**TASK OBJECTIVE:** Make an exact copy of the lines from the one containing "Used 2018 RAM 1500 Lone Star RWD image 7" through the end of the material, including both ends but no pictures.
(DATASET Opens)
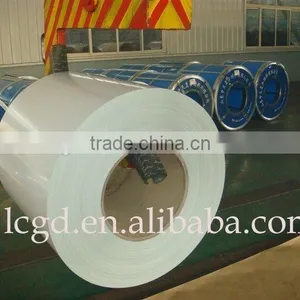 Prepainted Steel Coil/Color Coated Steel Coil/color Coated Steel Coil for Roofing Sheet thumbnail-2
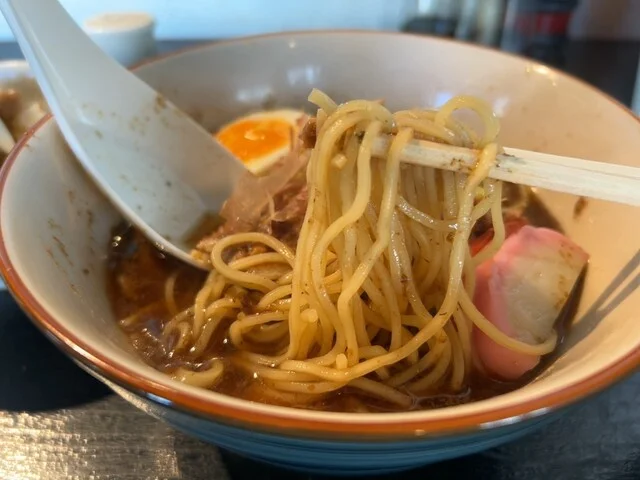 つけ蕎麦和だす - 富沢（そば）の写真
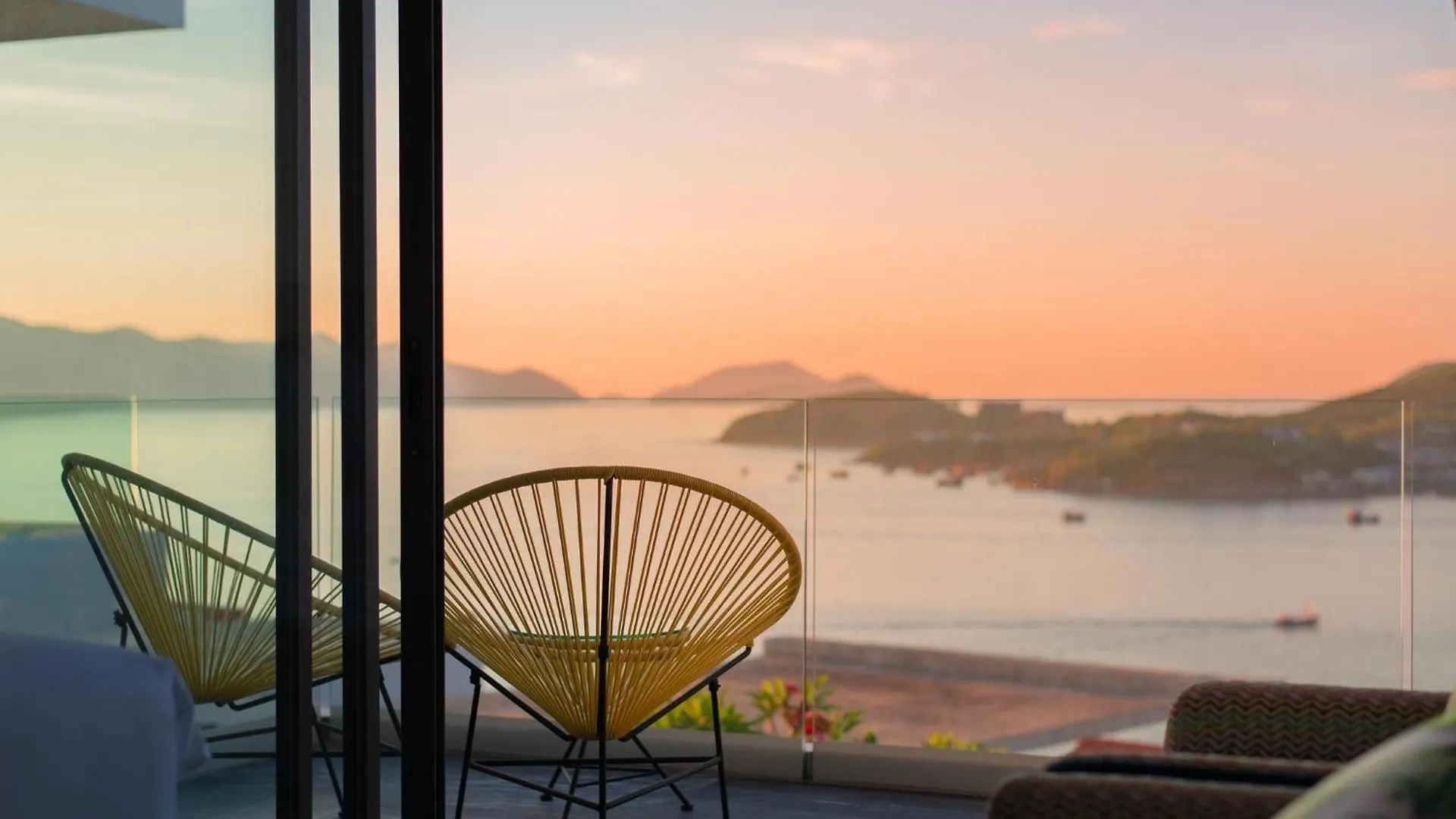 Ocean View Luxury Retreat - Private Villa By Nest Group Nha Trang Vietnam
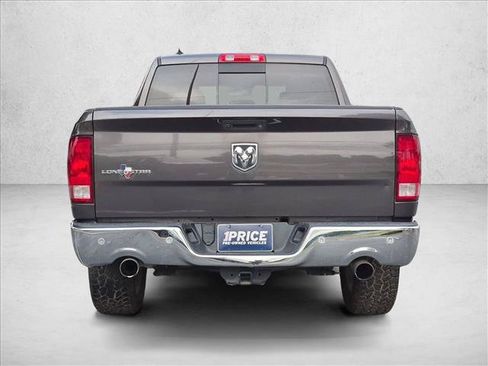 Used 2018 RAM 1500 Lone Star RWD image 7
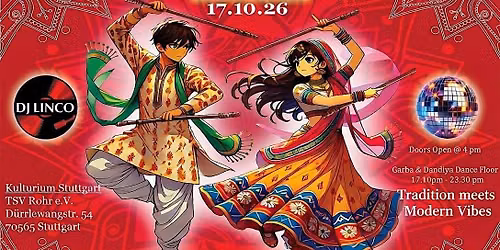 Dandiya Night Stuttgart 3.0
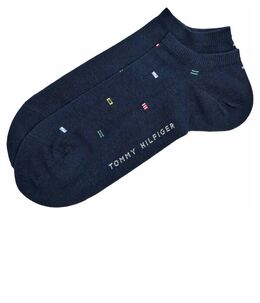 Tommy Hilfiger: Синие носки 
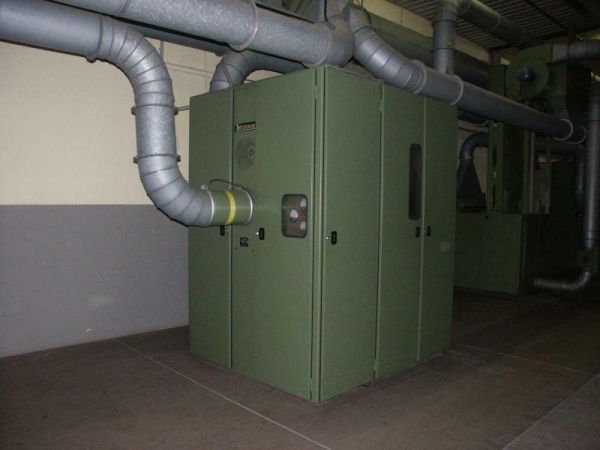 Truetzschler Blowroom Equipment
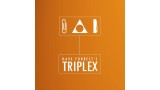 Triplex by Dave Forrest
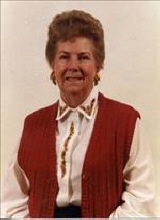 Betty Jo Oldham Baird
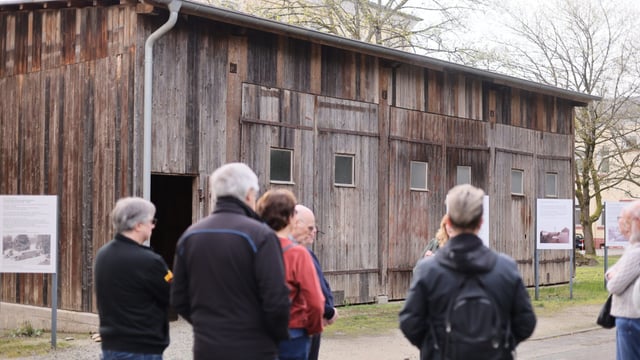 Gedenkstätte Hadamar - Errinnerung an die Verfolgten und Ermordeten der NS-„Euthanasie“-Verbrechen
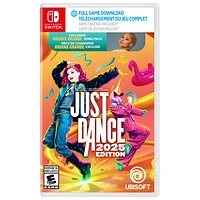 Just Dance 2025 Limited Edition (Switch)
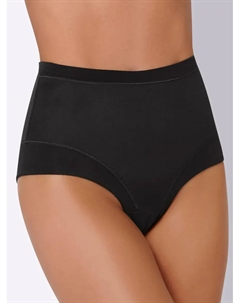 Трусики на талии (3 шт.), черный Wäschepur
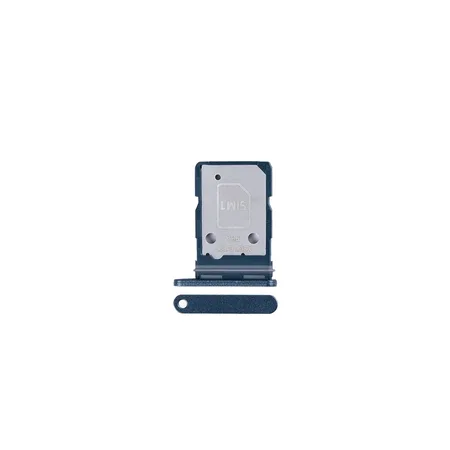 Samsung Galaxy A37 5G A376B Sim Card Holder Gray/green OEM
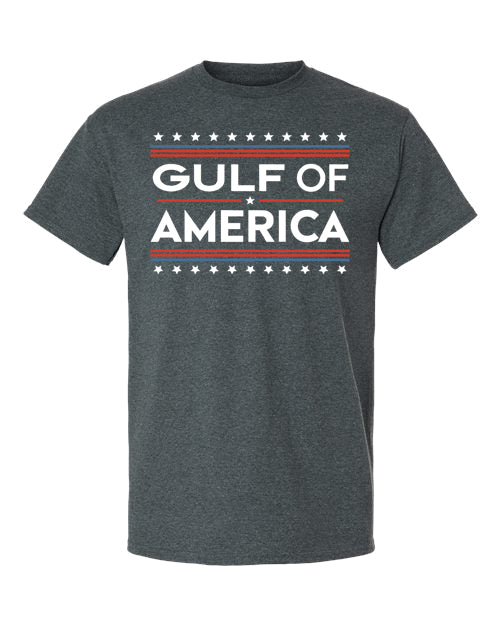 Gulf of America Tee Shirt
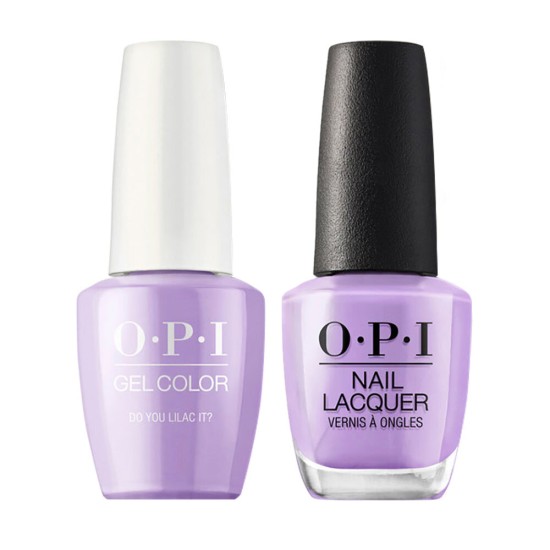OPI Do You Lilac It? #B29 Duo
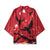 Red Kimono Jacket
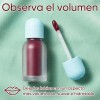 Baya Labial Liquido Efecto Espejo Labial Gloss Hidratante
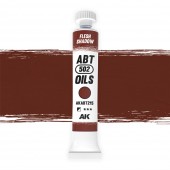 AK Interactive AKABT215 Flesh shadow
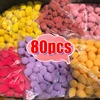 Mini Size Makeup Beauty Eggs Dry Wet Use Professional Cosmetic Puff Concealer Soft Sponge for Blending Foundation Powder Make Up 2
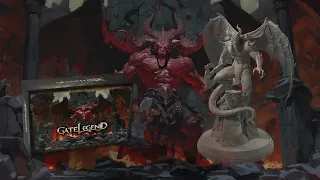 Gate Legend: Throne Of Void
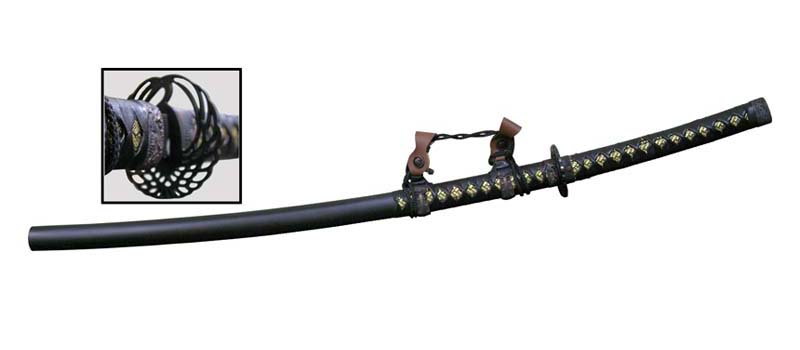X958 Меч самурайский катана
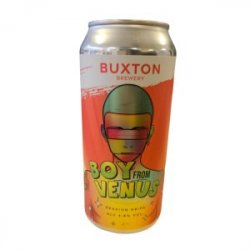 Buxton Brewery Boy From Venus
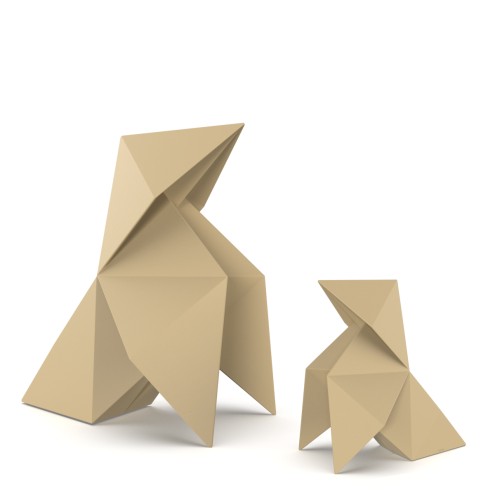VONDOM Designobjekt ORIGAMI KOTORI
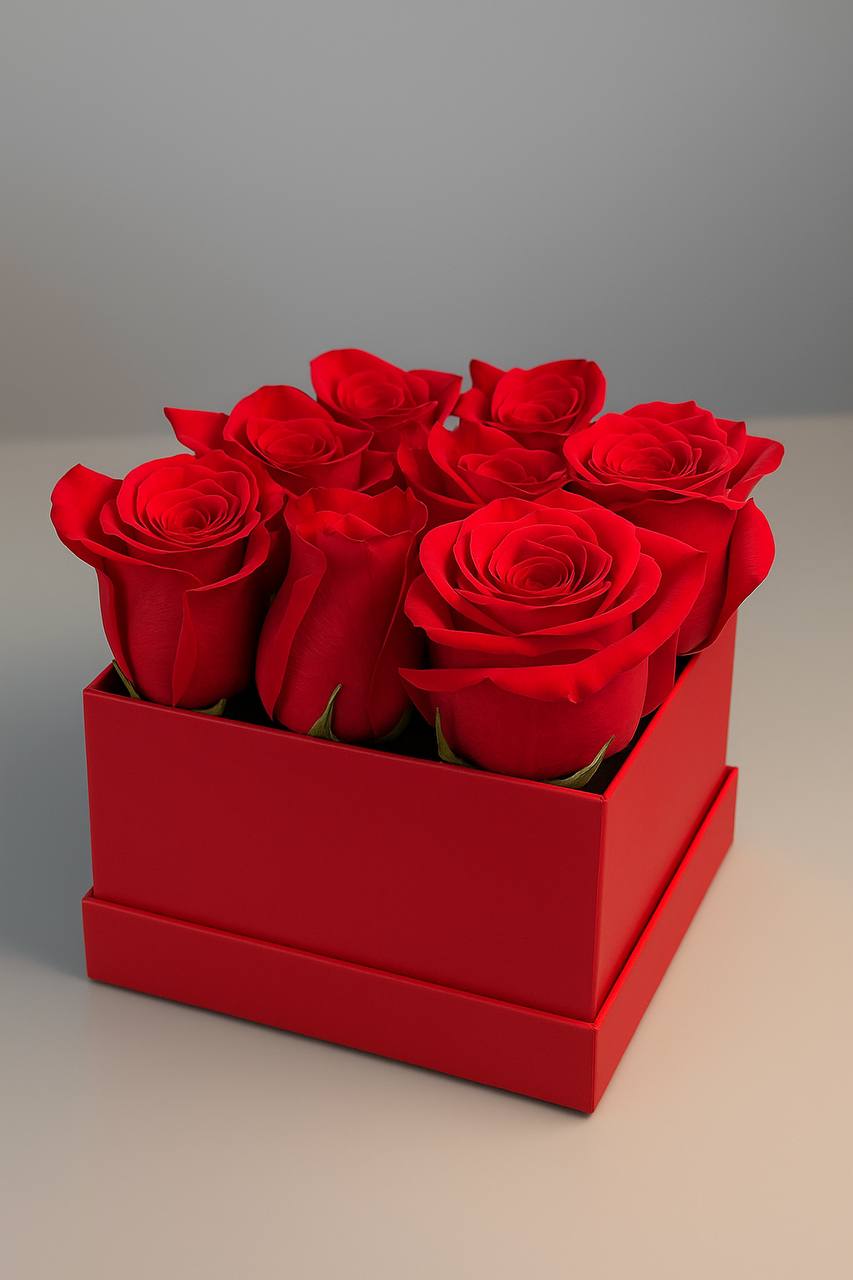 The Red Affair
(DATASET Closes)
**ANSWER FOR THIS EXERCISE:**
 Used 2018 RAM 1500 Lone Star RWD image 7
 Dandiya Night Stuttgart 3.0
 Tommy Hilfiger: Синие носки 
 Truetzschler Blowroom Equipment
 Triplex by Dave Forrest
 Betty Jo Oldham Baird
 Gedenkstätte Hadamar - Errinnerung an die Verfolgten und Ermordeten der NS-„Euthanasie“-Verbrechen
 Just Dance 2025 Limited Edition (Switch)
 Трусики на талии (3 шт.), черный Wäschepur
 Samsung Galaxy A37 5G A376B Sim Card Holder Gray/green OEM
 Gulf of America Tee Shirt
OPI Do You Lilac It? #B29 Duo
 Red Kimono Jacket
 Baya Labial Liquido Efecto Espejo Labial Gloss Hidratante
 AK Interactive AKABT215 Flesh shadow
 Mini Size Makeup Beauty Eggs Dry Wet Use Professional Cosmetic Puff Concealer Soft Sponge for Blending Foundation Powder Make Up 2
 Gate Legend: Throne Of Void
X958 Меч самурайский катана
 Buxton Brewery Boy From Venus
VONDOM Designobjekt ORIGAMI KOTORI
 The Red Affair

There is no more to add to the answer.